:: Data to process

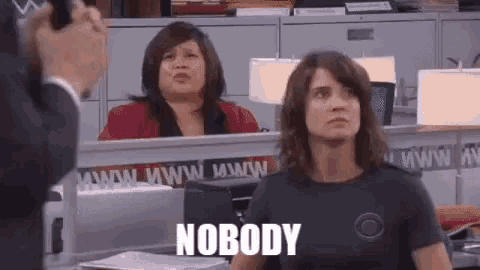 a woman is sitting at a desk in an office with the words `` nobody '' written on it .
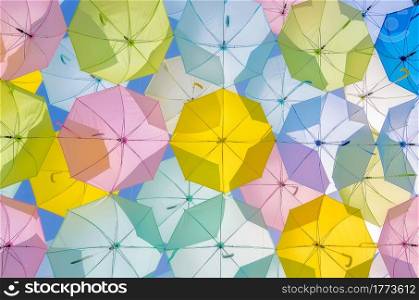A lot of multicolored umbrellas. Color umbrellas urban decoration. . Multicolored Umbrella decorations.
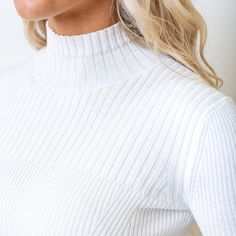 Crafted from our soft organic cotton, our mock neck sweater is a fantastic addition to your fall wardrobe. Features sculpted rib knit details throughout to highlight the contours of the body for an especially flattering look. We love this clean look paired with jeans or leggings and flats with a pop of color! Knit Turtleneck Mock Neck Top For Fall, Fall Knit Mock Neck Turtleneck Top, Winter Knit Mock Neck Top, Winter High Neck Knit Mock Neck Top, Winter Knit High Neck Mock Neck Top, Fall Mock Neck Top For Layering, Ribbed Cotton Knit Top For Fall, Fall Layering Mock Neck Knit Top, Knit Mock Neck Top For Fall Layering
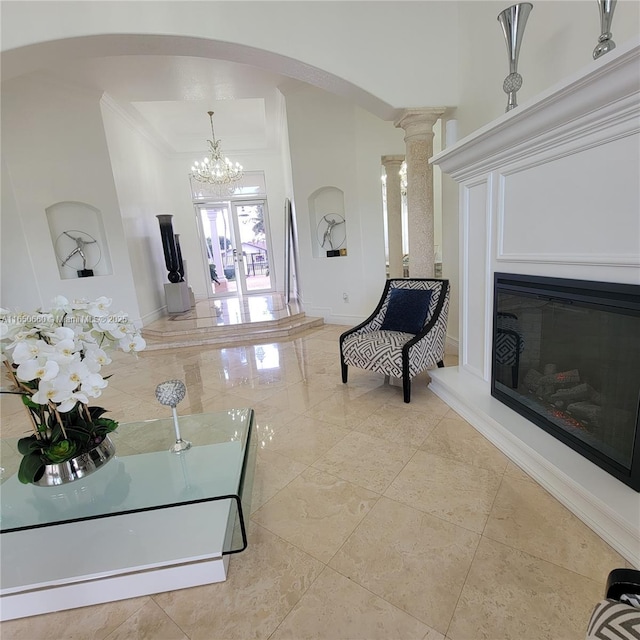 interior space with baseboards, arched walkways, a glass covered fireplace, a high ceiling, and crown molding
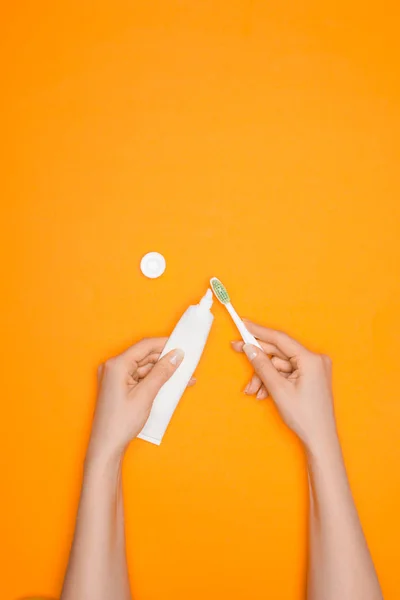 Vista cortada de mulher com escova de dentes e tubo de pasta de dentes, isolado em laranja — Fotografia de Stock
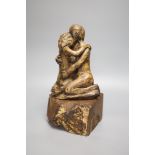 A resin sculpture of lovers on hardwood base, stamped to reverse PHD, height 34cm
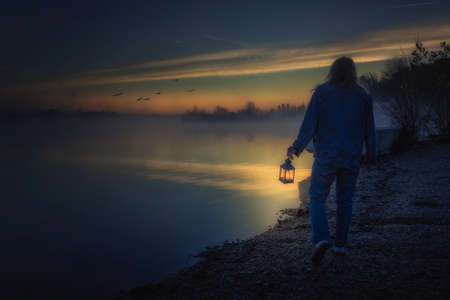 Enjoying the mysterious view at lake on a foggy misty morningの写真素材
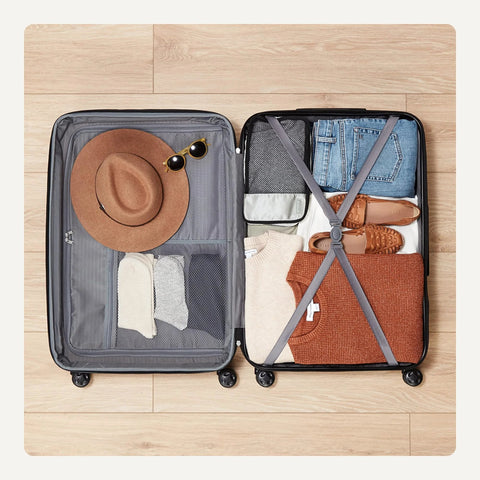 Amazon Basics 30-inch hardside luggage, open view showing clothing; black shell, grey interior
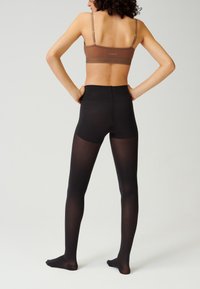 Collants opaques noirs avec une texture lisse, taille haute et finition mate, portés avec un bralette marron, mettant en avant un design épuré.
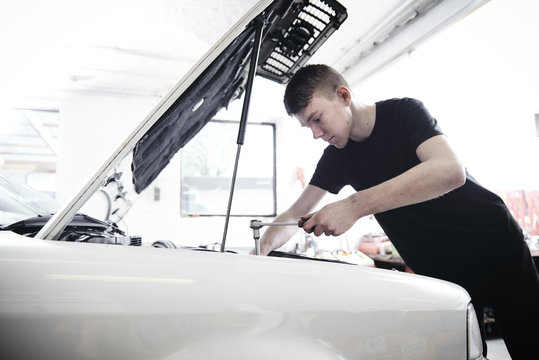 Young mechanic repair a car at a garage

::::

▶ Directions:
Each record above must be returned exactly as written, with its pictures omitted.

▶ Response to the exercise:
 a woman is sitting at a desk in an office with the words `` nobody '' written on it .
A lot of multicolored umbrellas. Color umbrellas urban decoration. . Multicolored Umbrella decorations.
 Crafted from our soft organic cotton, our mock neck sweater is a fantastic addition to your fall wardrobe. Features sculpted rib knit details throughout to highlight the contours of the body for an especially flattering look. We love this clean look paired with jeans or leggings and flats with a pop of color! Knit Turtleneck Mock Neck Top For Fall, Fall Knit Mock Neck Turtleneck Top, Winter Knit Mock Neck Top, Winter High Neck Knit Mock Neck Top, Winter Knit High Neck Mock Neck Top, Fall Mock Neck Top For Layering, Ribbed Cotton Knit Top For Fall, Fall Layering Mock Neck Knit Top, Knit Mock Neck Top For Fall Layering
 interior space with baseboards, arched walkways, a glass covered fireplace, a high ceiling, and crown molding
 Vista cortada de mulher com escova de dentes e tubo de pasta de dentes, isolado em laranja — Fotografia de Stock
 A resin sculpture of lovers on hardwood base, stamped to reverse PHD, height 34cm
 Enjoying the mysterious view at lake on a foggy misty morningの写真素材
 Amazon Basics 30-inch hardside luggage, open view showing clothing; black shell, grey interior
 Collants opaques noirs avec une texture lisse, taille haute et finition mate, portés avec un bralette marron, mettant en avant un design épuré.
 Young mechanic repair a car at a garage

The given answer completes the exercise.